I always created content in the English market until a Google employee told me that I should create content in German, French, Portuguese, Hindi. These are all regions where they lack content. Sure, in English, it’s a competitive space, but I’ve seen a lot of these regions, even though they’re still competitive markets, they’re nowhere near as hard as to rank in the English markets.
The second lesson I learned is expanding globally doesn’t guarantee traffic.
I used to, when I first did this, I would just translate all my content. I quickly learned from this employee that it needed to transcribe my content, adjust it to that market. You need to do keyword research.
That’s why I have tools like Ubersuggest. We have keyword advice for every single country in different languages because it’s different in every single region, so use it to understand what people are looking for, and then adjust your content, translate, and transcribe it from there.
What I found is if you create bad translated content and you place it up, and when you do this, it can actually hurt your rankings for all your whole site, all your languages, because if you’re using metrics like your click-through rates, your bounce rates are terrible.
The third lesson that I learned, payment plans are a great way to make money.
Now in most English markets, we look at payment plans as, hey, people are paying us money and there’s a good chance they’re not going to do all six payments, 12 payments, whatever the number you’re charging them, there’s a lot of drop off, you lose cash.
So look at the different payment plans that different companies offer, and that’ll give you ideas on which regions you can make the maximum amount of money for because, by reducing the upfront cost and having payment plans, you should be able to drive in many more sales.
The fourth lesson that I learned is by being omnichannel, your CPAs go down.
A lot of us use things like SEO, pay-per-click, and we stop there. You may even use Facebook ads. You may even use radio ads, television ads, billboard ads, but what I found is when you leverage them all at the same time, your CPAs go down.
So with your marketing, consider going omnichannel because, even if some of these other channels don’t produce as good results, by leveraging all at the same time, your overall cost for each of the channels should go down.
The fifth lesson I learned from a Google employee, old is new.
I have a team of three people. All they do is update my old content. The lesson I learned from this employee, Google loves fresh content more than old, outdated content.
The sixth tip, branding is everything.
Small companies are more likely to do something to jeopardize a brand, to make a quick buck because, hey, let’s face it, they don’t really have a brand.
So how do you improve your brand queries? Well, it’s a rule of seven. When someone sees your brand and interacts with it seven times, they’re much more likely to keep coming back and remembering your brand.
The last tip, and this one I experienced firsthand to make sure you have feet on the ground.
Even Google, a digital company, did you know they do grassroots marketing campaigns?
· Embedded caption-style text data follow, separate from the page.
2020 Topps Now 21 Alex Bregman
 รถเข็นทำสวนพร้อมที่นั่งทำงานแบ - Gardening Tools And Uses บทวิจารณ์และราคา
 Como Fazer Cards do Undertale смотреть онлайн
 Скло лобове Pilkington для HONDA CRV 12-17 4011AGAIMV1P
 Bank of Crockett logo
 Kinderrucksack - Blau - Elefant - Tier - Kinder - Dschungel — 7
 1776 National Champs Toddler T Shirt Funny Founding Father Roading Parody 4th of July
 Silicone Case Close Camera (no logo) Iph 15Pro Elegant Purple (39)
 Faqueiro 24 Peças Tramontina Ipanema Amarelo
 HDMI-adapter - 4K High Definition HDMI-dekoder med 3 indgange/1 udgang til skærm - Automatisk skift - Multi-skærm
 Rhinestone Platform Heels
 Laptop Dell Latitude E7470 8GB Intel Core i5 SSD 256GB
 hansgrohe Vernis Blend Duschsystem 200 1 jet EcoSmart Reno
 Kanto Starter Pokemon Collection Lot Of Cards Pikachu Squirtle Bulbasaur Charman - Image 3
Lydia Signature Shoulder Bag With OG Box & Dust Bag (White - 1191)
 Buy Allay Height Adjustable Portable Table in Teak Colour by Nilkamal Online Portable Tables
They had a bus go all around the United States helping businesses create their website.
If people at Google, which is a digital company, have tested out and tried things like pop-up shops, they do things like have a bus go all around the United States and help small businesses, which tells you that traditional offline marketing still works.
Don’t forget to leverage it. It’s powerful. Things like sending postcards in the mail, back in the day, it was really popular. Nowadays, people are like, “Oh, it can’t do well.” Well, it’s still effective.
Hence, you still got all that junk mail. If it wasn’t effective, people wouldn’t keep sending that stuff to you time and time again.